The Block Public Access setting

The S3 dashboard with one S3 instance

Bucket content with files

When you create a bucket you will be prompted with a few different configuration settings.

Bucket name - the name of the bucket which needs to be globally unique
AWS Region
Object ownership - whether or not you want the bucket to allow ACLs or not. If ACLs are enabled, objects in the bucket can be owned by other AWS accounts, and their access will be described by the ACLs. If ACLs are disabled access to objects are only specified using bucket policies.
Block all public access or block specific types of access - if this is turned on all public access is blocked. In order to use the bucket with this setting turned on, any instance accessing the data needs appropriate security group settings enabled.
Bucket versioning - wheter or not to include version information on the obejcts
Encryption

Once the bucket is created you will have the bucket listed on the dashboard. Entering this bucket will present you with the ability to upload files and edit buckets. If a file is public, you will be able to get a URL for the object and access it from anywhere.

Static website hosting

Static website hosting

Under the Properties tab it is possible to enable static website hosting. This means that the S3 bucket will be able to serve HTML-pages with index.html and error.html. In order to use static website hosting you will need users to be able to access the resources. This means you will either need to turn off the block public access setting, set up appropriate ACLs or serve it from for example an EC2 instance with the appropriate security settings.

Versioning

An example of a deleted image object

Versioning a S3 object includes some advantages and characteristics.

All versions are stored in S3 which means you can access overwritten content and even deleted content
Backup of content
Versioning cannot be disabled once it is turned on
Lifecycle rules
Multi-factor authentication settings for changing versions and deleting objects

Once versioning is enabled you will be able to view old versions and deleted content if you tick the Show versions toggle. An example of a deleted object can be seen in the screenshot above. Old versions of objects are by default not public. In order to restore an object, you’ll have to delete the delete marker. The same goes for restoring an older version - in order to restore you’ll have to delete the every version that is more current than the obejct you wish to restore.

Storage tiers

S3 tier comparison

S3 comes in a couple of different storage tiers.

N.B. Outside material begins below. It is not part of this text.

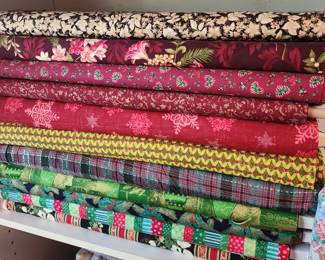 Fabric (New and Old).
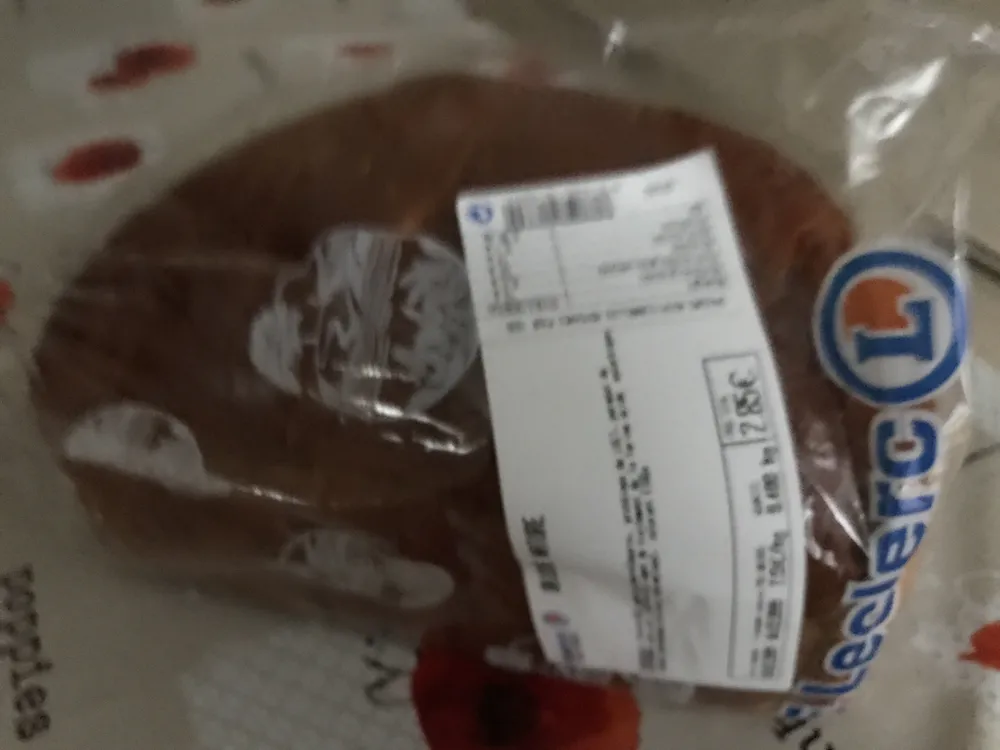 Brioche nature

Standard - Designed for high availability and durability and is stored in at least 3 availability zones. It is designed for frequent access and is suitable for most work loads.
Standard-Infrequent Access - Designed for infrequestly accessed data which requires rapid access when needed. In this tier you pay to access the data, but it has a low per-GB storage price. Suitable for long-term storage, backups and disaster recovery.
One Zone-Infrequent Access - Like Standard-Infrequent Access, but only in one AZ. It costs 20% less and is typically used for non-critical data.
Glacier and Glacier Deep Archive - These tiers is used for long-term data archiving with long retrieval times. The Glacier retrieval time range from a minute to 12 hours, while Glacier Deep Archive data in 12 hours by default. In these tiers you pay each time you access data, but they are optimized for cheap storage.
Intelligent-Tiering - Automatically determines the most appropriate tier based on access patterns. This tier is fully automated.

A full comparison can be seen in the image above. The data is from here.

Lifecycle management

Lifecycle management (found under Management on the dashboard)

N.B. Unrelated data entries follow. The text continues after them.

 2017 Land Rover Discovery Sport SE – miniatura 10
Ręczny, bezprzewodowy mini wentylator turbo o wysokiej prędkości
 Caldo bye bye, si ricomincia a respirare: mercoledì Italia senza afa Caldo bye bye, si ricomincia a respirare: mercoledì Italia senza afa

Lifecycle configuration and actions

Lifecycle management in S3 automates moving objects between sotage tiers, and thus maximizing the cost effectiveness of the bucket. You can also combine lifecycle management with versioning, eg. store old versions in a different tier than the current data.

There are a couple of options available when specifying the lifecycle rule.

Name
Scope which determines what object this lifecycle rule will affect. This includes All objects in this buckets or Limit the scope of this rule using one or more filters. Filters will look at things like prefix, object tags, object size or other combinations in order to determine what files are included. Further object size can be restricted, which is useful when using Glacier as it has a per-object cost.
Lifecycle rule actions describes what action AWS will take once some condition are met (eg. when the object are older than 30 days).

Object lock

S3 Object Lock enables you to store objects using a write once, read many (WORM) model. It helps to prevent objects from being written to or deleted for a fixed amount of time or indefinetely.

Object Locks have different modes. In Governance Mode users can’t overwrite or delete an object unless they have special permissions. In Compliance Mode no-one, including the root user, can edit or delete that file. When an object is locked in this mode, it’s retention period can’t be shortened and it’s retention mode can’t be changed.

Retention perionts protects an object version for a fixed abount of time. After the retention period expires the object version can be overwritten or deleted, unless if you have placed a legal hold on the object version. A legal hold does not have an associated retention period and remains in effect until it is removed from the object. It can be placed and removed by any user that has the s3:PutObjectLegalHold-permission.

Glacier Vault Lock allows you to deploy and enforce compliance controls for individual Glacier vaults with a vault lock policy. Once locked, the policy can no longer be changed.

Encryption

Configure encryption

S3 comes with different encryption types.

Encryption in Transit implies that SSL/TLS and HTTPS is employed to encrypt data when you upload or download data
Encryption at Rest: Server-Side Encryption implies that objects are encrypted once it is stored. It comes in three flavors - SSE-S3 (S3 managed keys with AES 256-bit encryption), SSE-KMS (AWS Key Management Service-managed keys) and SSE-C (you provide the keys)
Encryption at Rest: Client-Side Encryption implies that you encrypt the files yourself before uploading to S3.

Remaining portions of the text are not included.